What the exercise asks: Among the entries below, only the lines from the one with "All Photos for Texican JLS in Manor, TX" through the one with "Youtube Shorts Coming" are wanted, reproduced exactly. Pictures are not wanted.

Information shown:
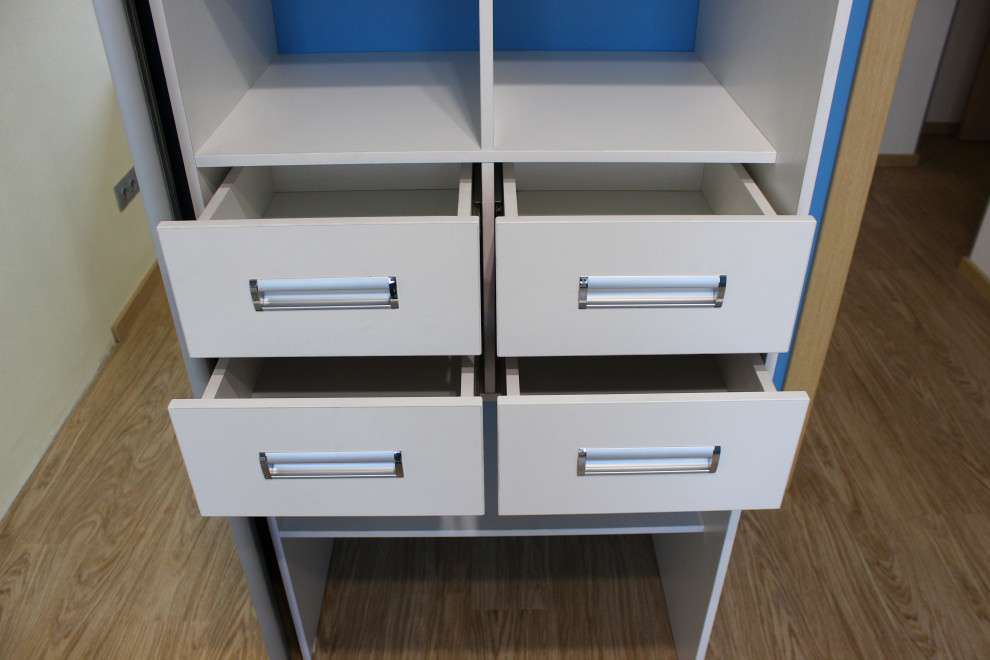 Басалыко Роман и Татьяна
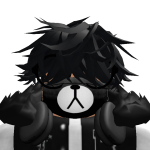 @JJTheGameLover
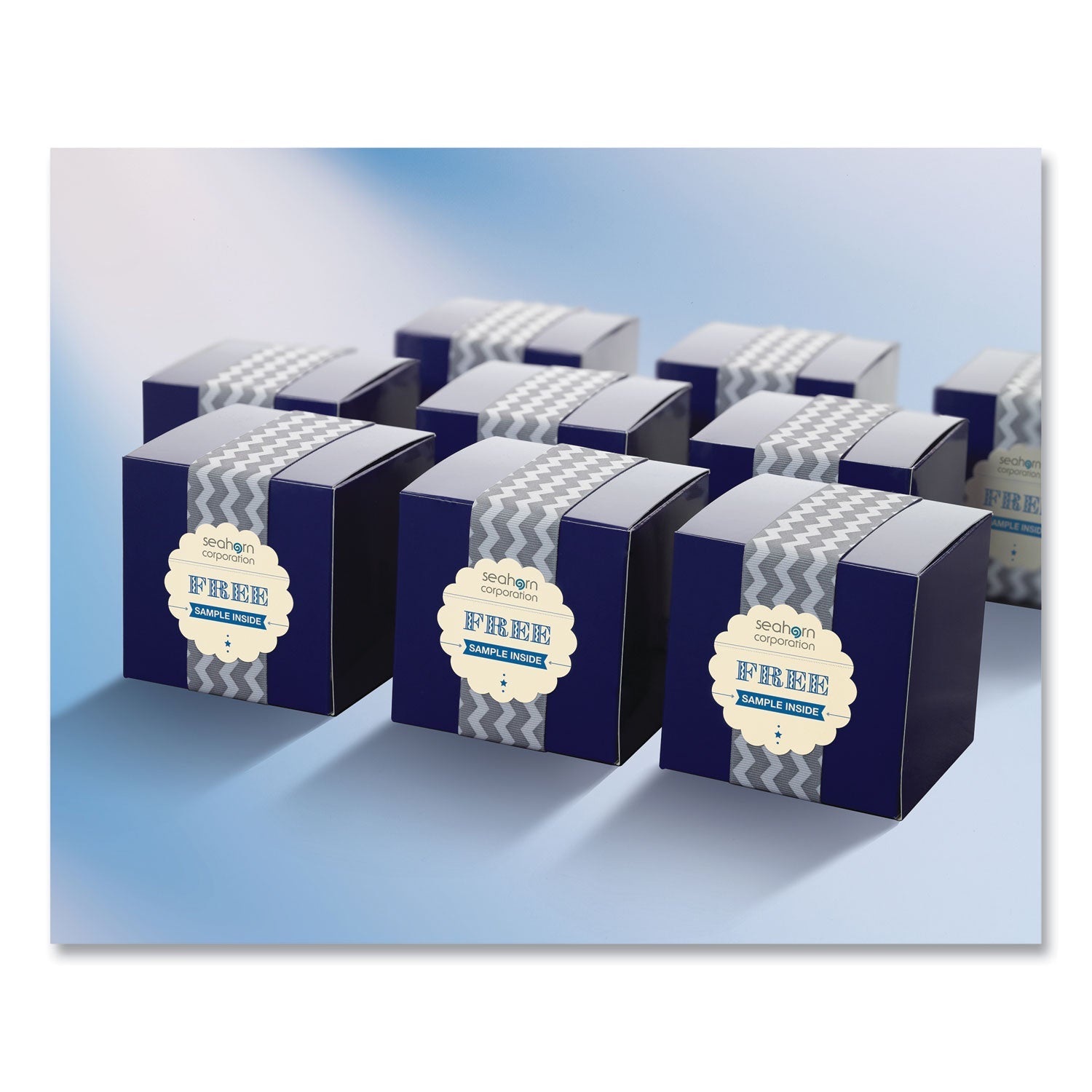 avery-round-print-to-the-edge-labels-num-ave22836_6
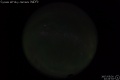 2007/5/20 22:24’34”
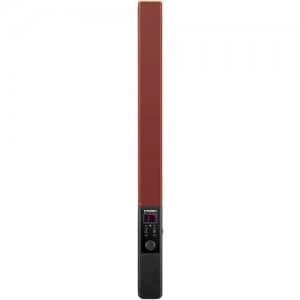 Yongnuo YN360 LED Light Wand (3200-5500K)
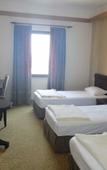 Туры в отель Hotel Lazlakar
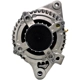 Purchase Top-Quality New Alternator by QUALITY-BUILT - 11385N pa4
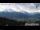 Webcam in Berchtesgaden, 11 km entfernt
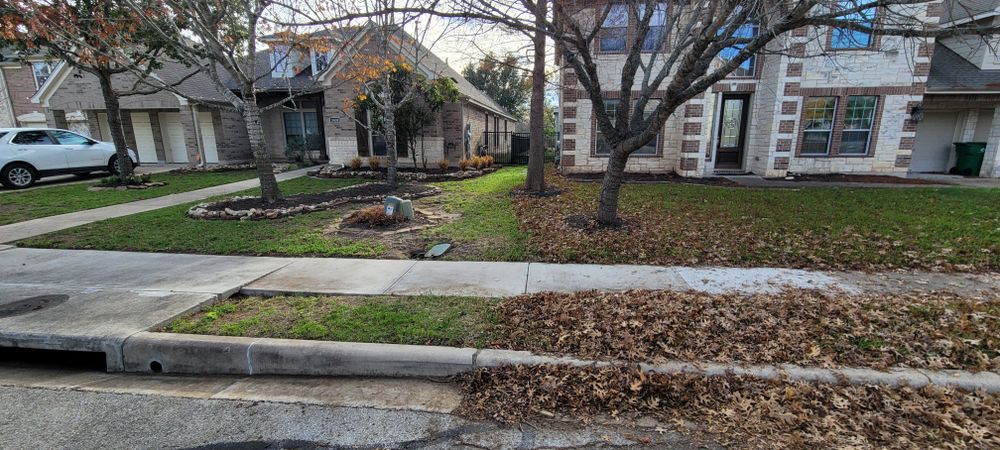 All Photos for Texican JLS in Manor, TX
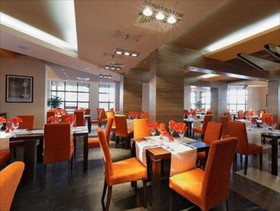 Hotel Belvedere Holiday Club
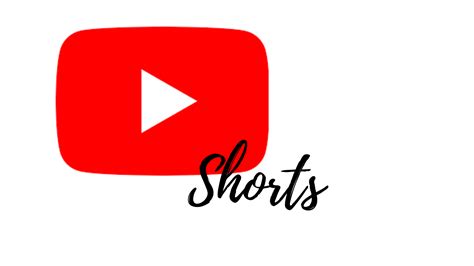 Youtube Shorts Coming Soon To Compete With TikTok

...

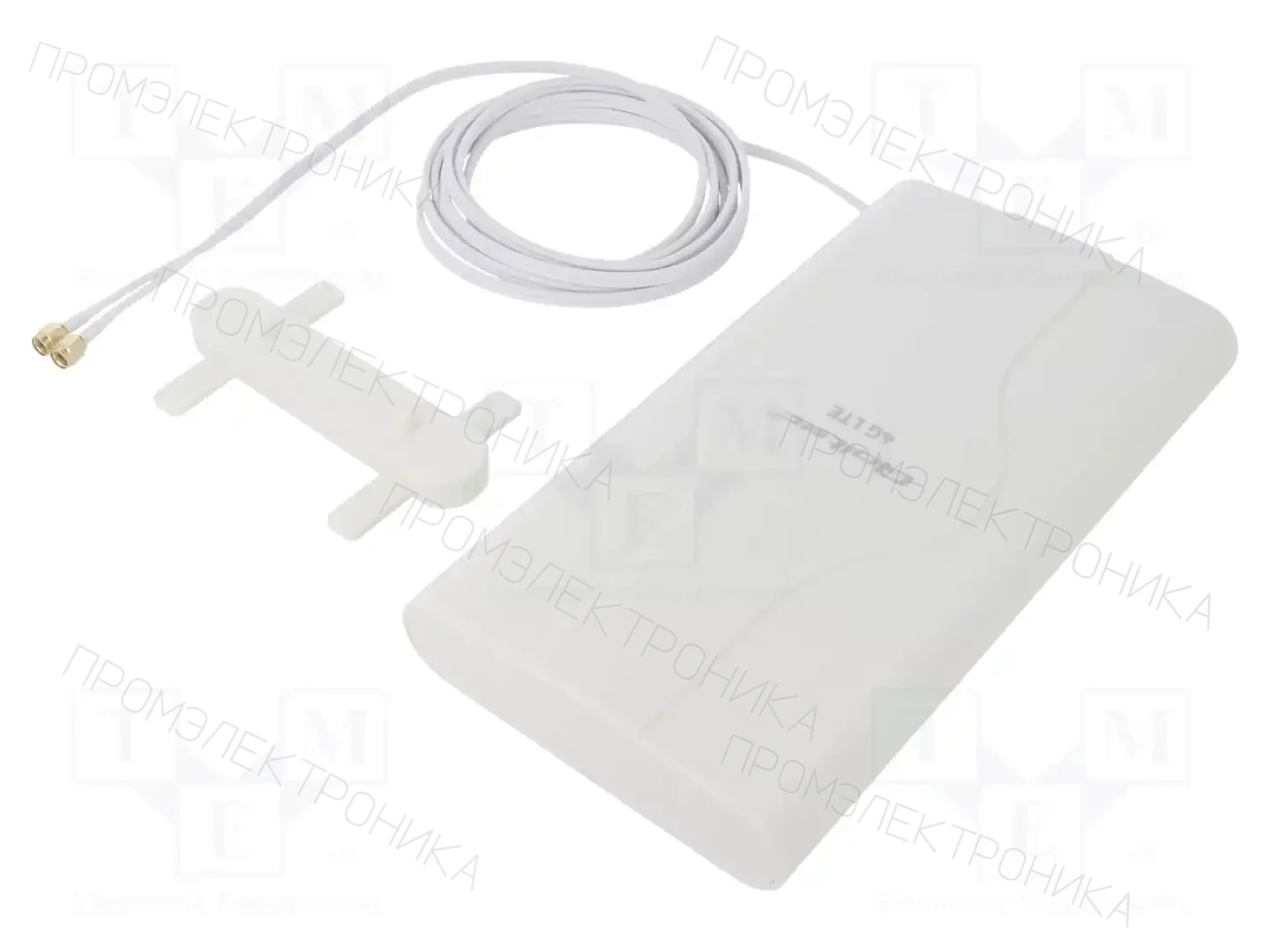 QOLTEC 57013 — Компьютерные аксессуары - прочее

Exercise response:
 All Photos for Texican JLS in Manor, TX
 Hotel Belvedere Holiday Club
 Youtube Shorts Coming Soon To Compete With TikTok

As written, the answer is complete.